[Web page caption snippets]
[Start of section]
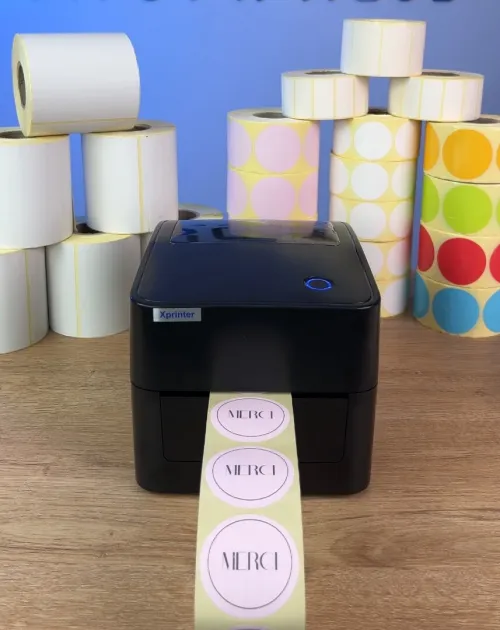 IMPRIMANTE CODE BARRE XPRINTER XP-410B USB+BT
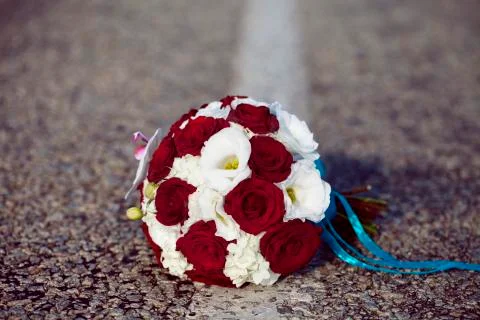 WEDDING BOUQUET Stock Photos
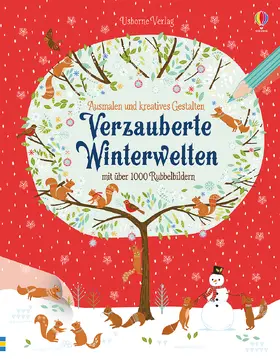  Ausmalen und kreatives Gestalten: Verzauberte Winterwelten | Buch |  Sack Fachmedien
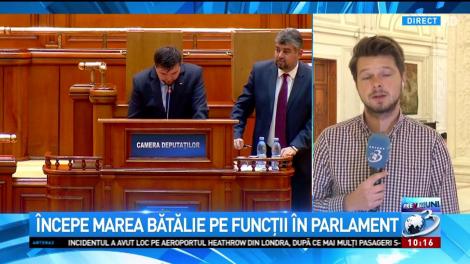 Au început luptele pe funcții în Parlament. Traian Băsescu vrea comisia SRI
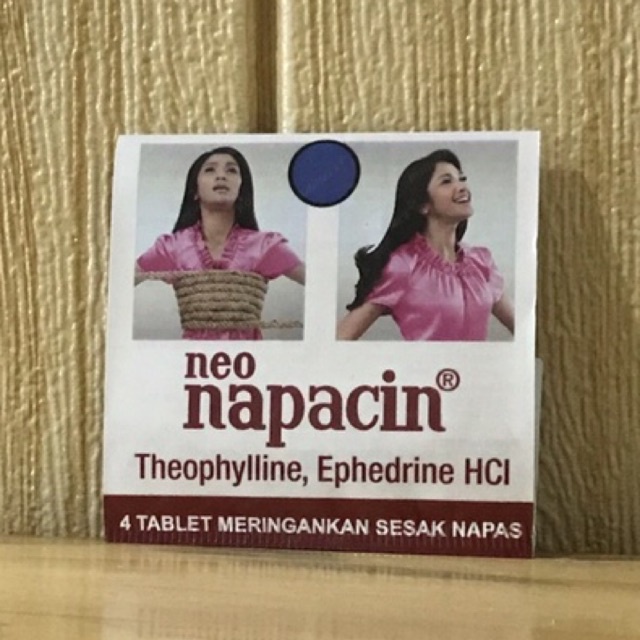 NEO NAPACIN | Meringankan Sesak Nafas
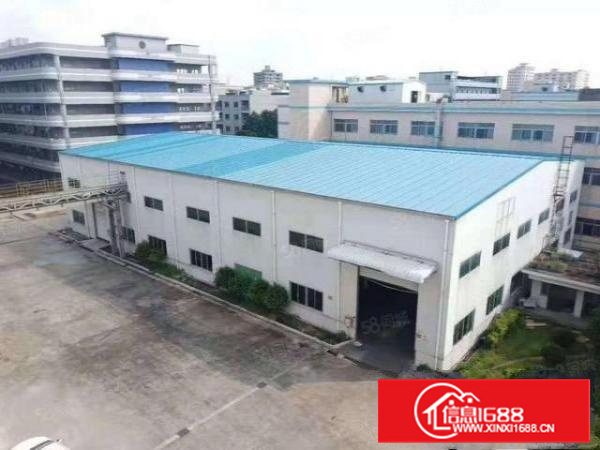 长安镇锦厦新出滴水10高钢构5600平方低价出租可分租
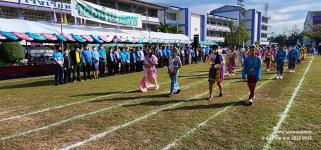 ทน.แม่สอด จัดแข่งขันกีฬาสีโรงเรียนเทศบาลวัดบุญญาวาส ประจำปีการศึกษา 2565 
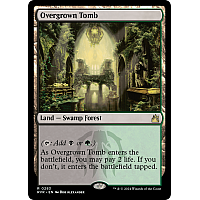 Overgrown Tomb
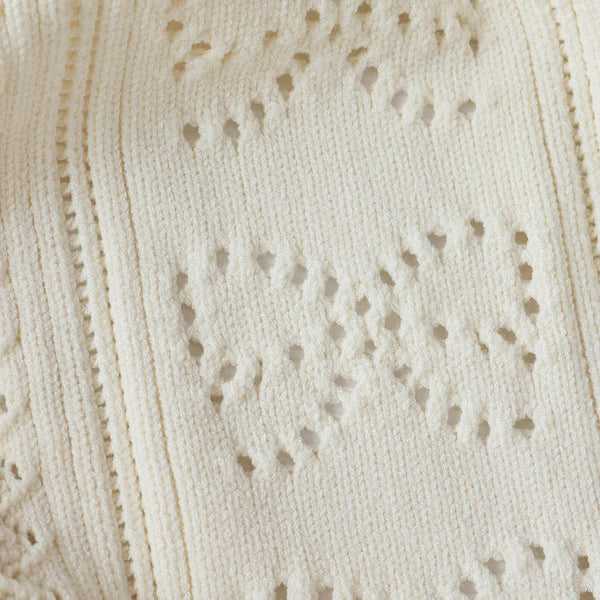 Gema Pointelle Cardigan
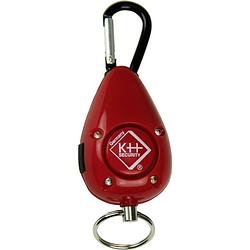 Foto van Kh-security tasalarm rood met led 100189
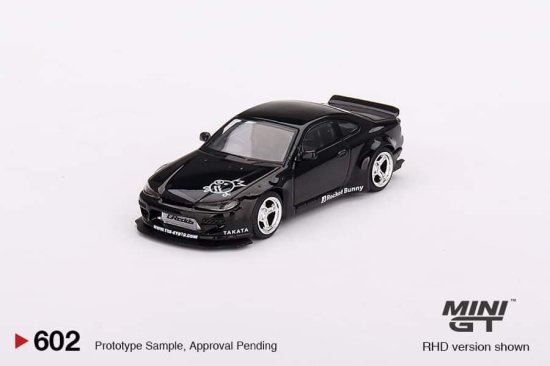 MINI GT 1/64 Rocket Bunny Nissan ロケットバニー 日産 シルビア (S15 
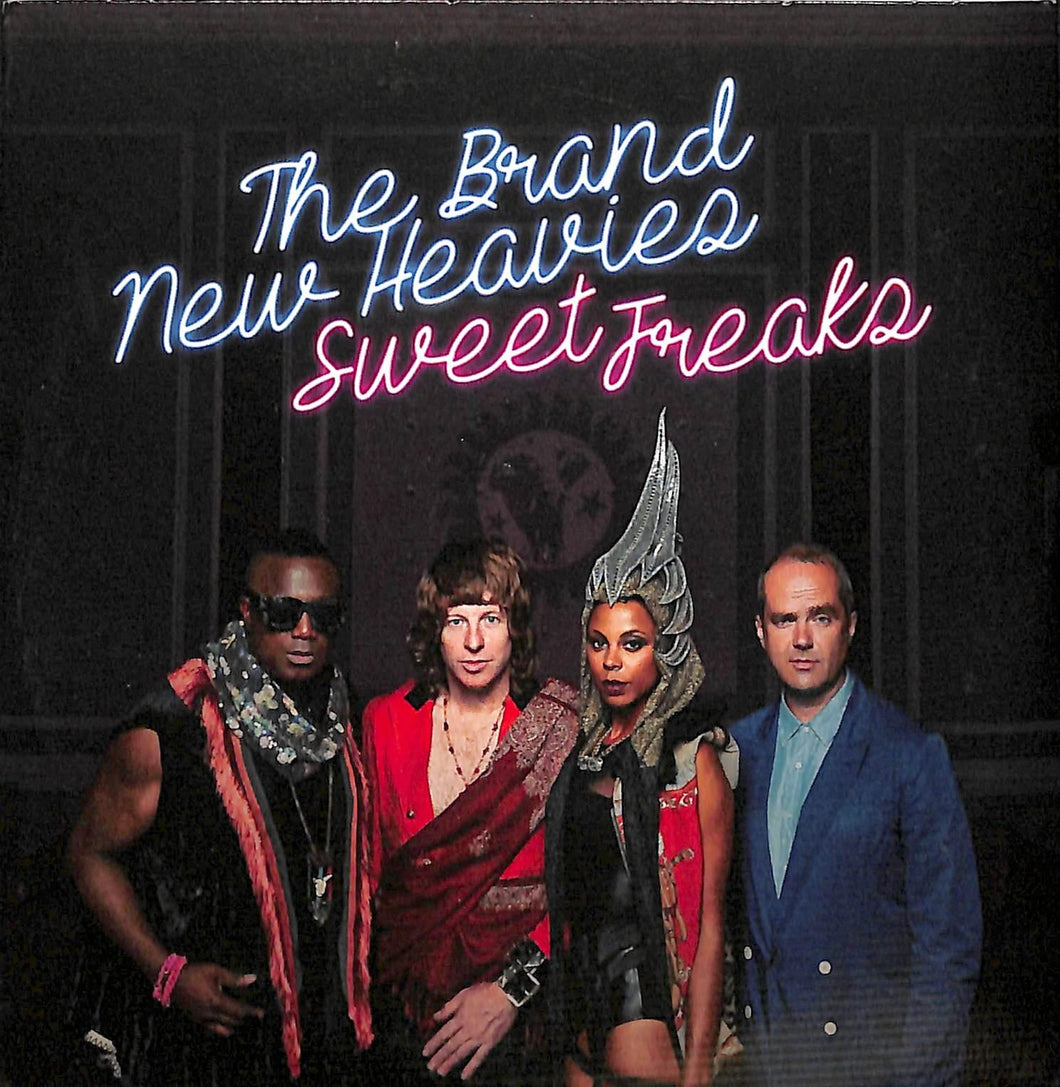 CD - The Brand New Heavies - Sweet Freaks Promo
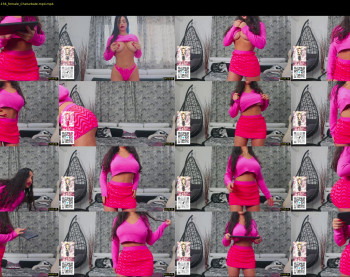 lylas_malika — 59 minute Chaturbate female cam show recording, 1080p, Dec 3, 2022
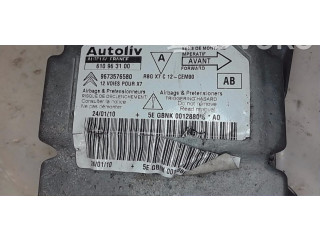 Блок подушек безопасности 00006546X2 Citroen C5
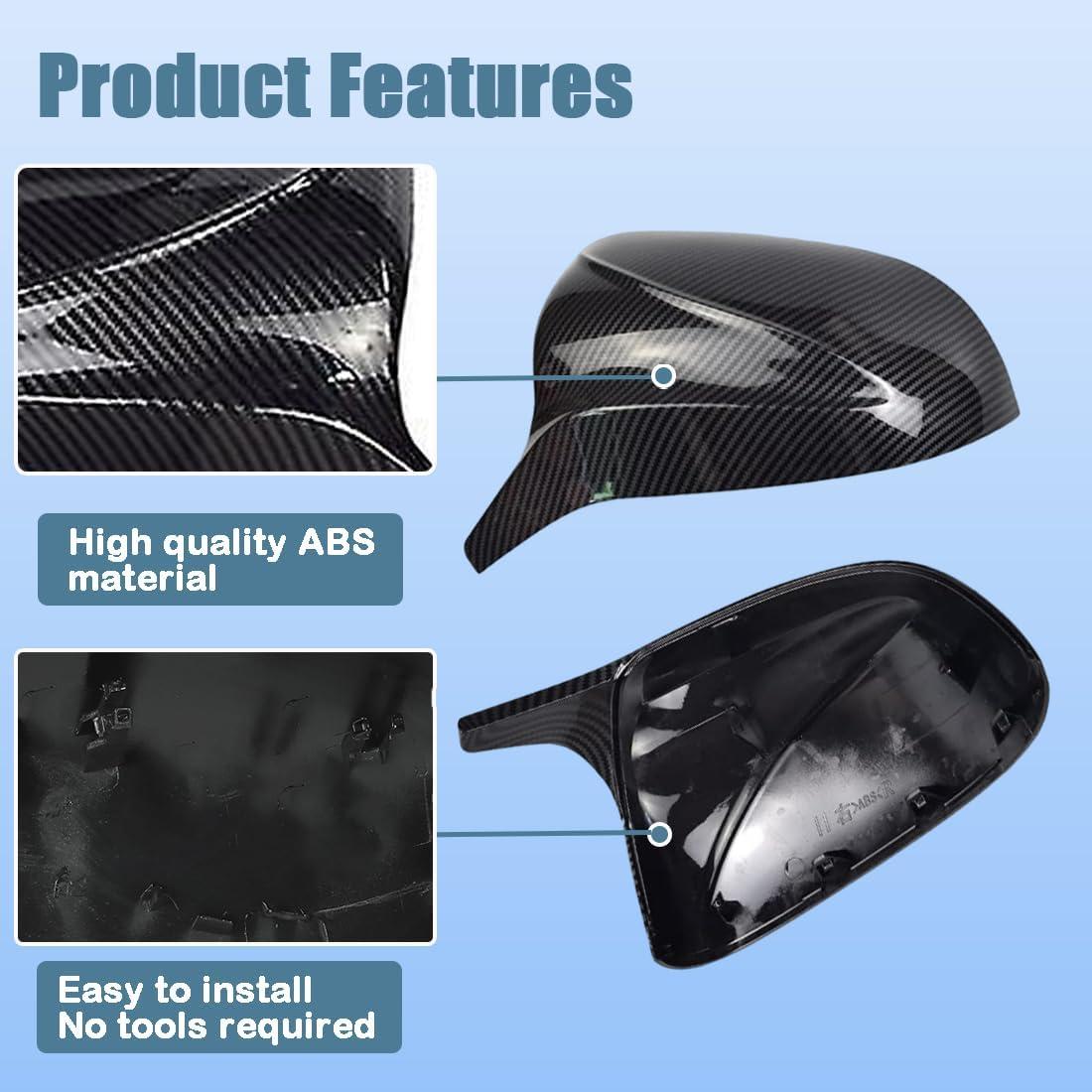 Cubierta de Espejo Lateral XITER para BMW X3 X4 X5 X6 X7 2018-2023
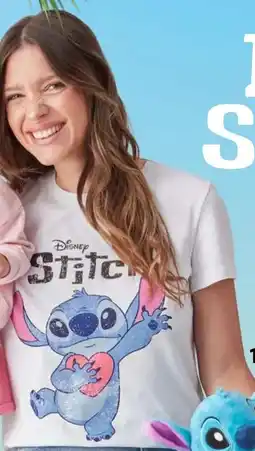 PEPCO Lilo & Stitch Damen T-Shirt Angebot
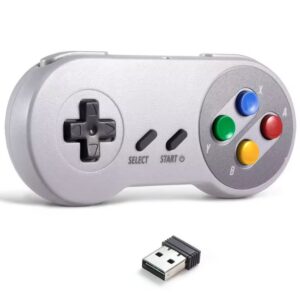 Control Inalámbrico SNES 2.4GHz USB para PC y Raspberry Pi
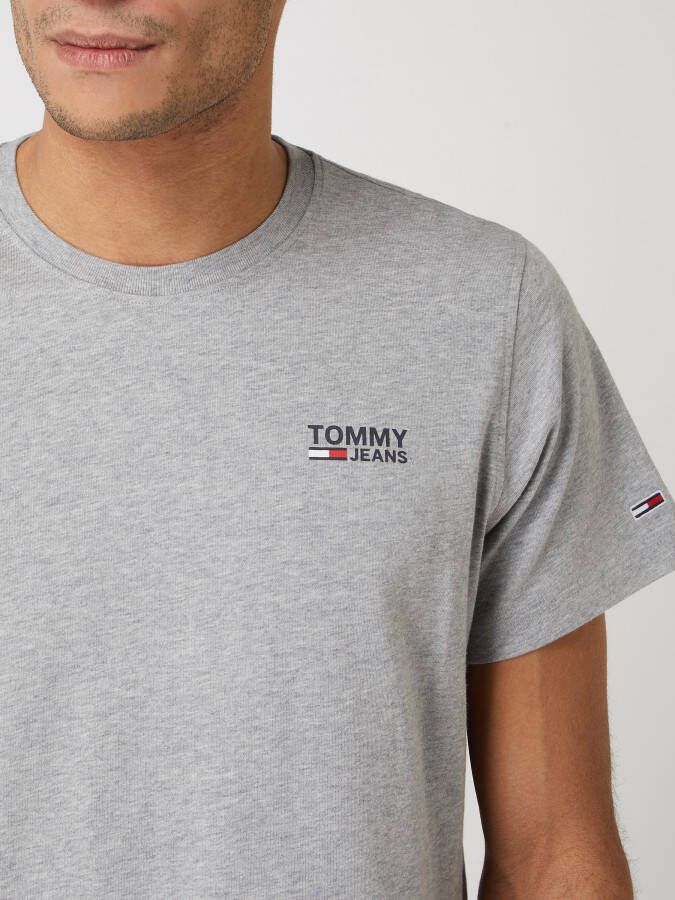 Tommy Jeans T-shirt van biologisch katoen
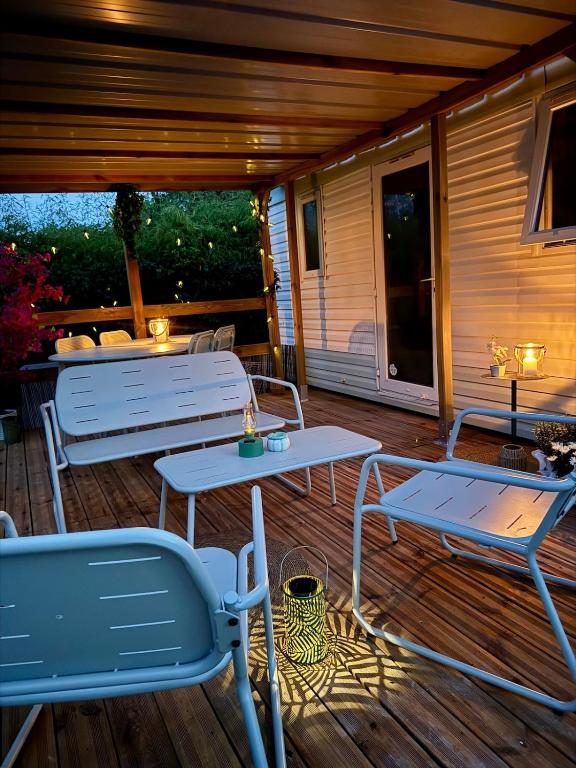 Bungalow avec accès privé au lac - 4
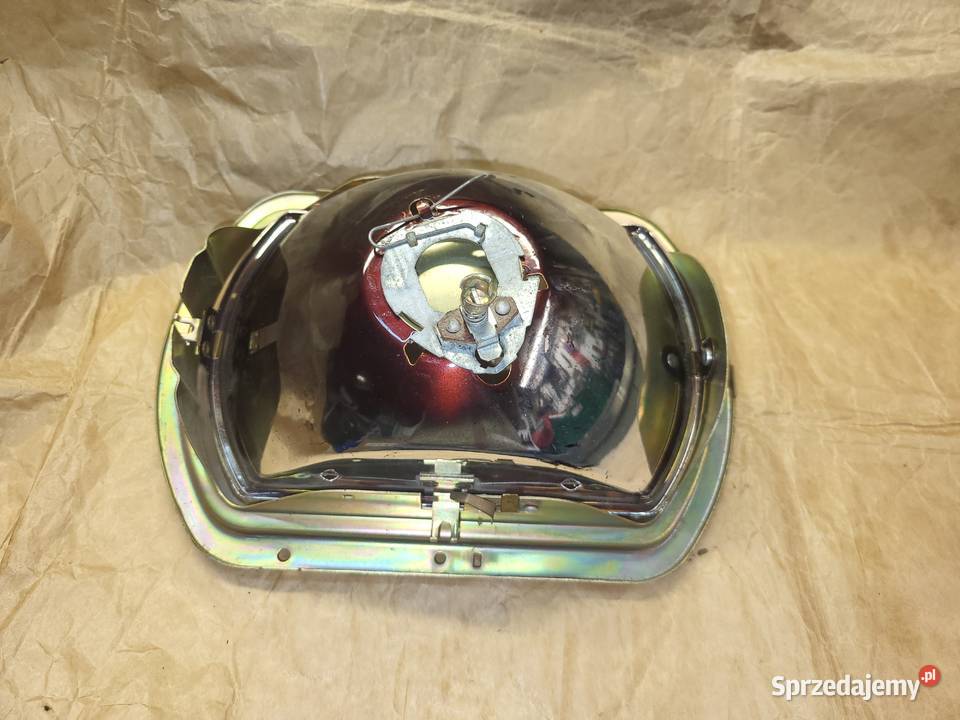 Wartburg 353 Nowa lampa przód klosz odbłyśnik osobowe Piaseczno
[End of section]
▶ What you will do
Lines from the one that contains "长安镇锦厦新出滴水10高钢构5600平方低价出租可分租" through the last line of the data above are to be extracted exactly, with no pictures and no other lines.

▶ Answer box
 长安镇锦厦新出滴水10高钢构5600平方低价出租可分租
 ทน.แม่สอด จัดแข่งขันกีฬาสีโรงเรียนเทศบาลวัดบุญญาวาส ประจำปีการศึกษา 2565 
 Overgrown Tomb
 Gema Pointelle Cardigan
 Foto van Kh-security tasalarm rood met led 100189
 MINI GT 1/64 Rocket Bunny Nissan ロケットバニー 日産 シルビア (S15 
 CD - The Brand New Heavies - Sweet Freaks Promo
 lylas_malika — 59 minute Chaturbate female cam show recording, 1080p, Dec 3, 2022
 Блок подушек безопасности 00006546X2 Citroen C5
 Cubierta de Espejo Lateral XITER para BMW X3 X4 X5 X6 X7 2018-2023
 PEPCO Lilo & Stitch Damen T-Shirt Angebot
 Control Inalámbrico SNES 2.4GHz USB para PC y Raspberry Pi
 Tommy Jeans T-shirt van biologisch katoen
 Bungalow avec accès privé au lac - 4
 Wartburg 353 Nowa lampa przód klosz odbłyśnik osobowe Piaseczno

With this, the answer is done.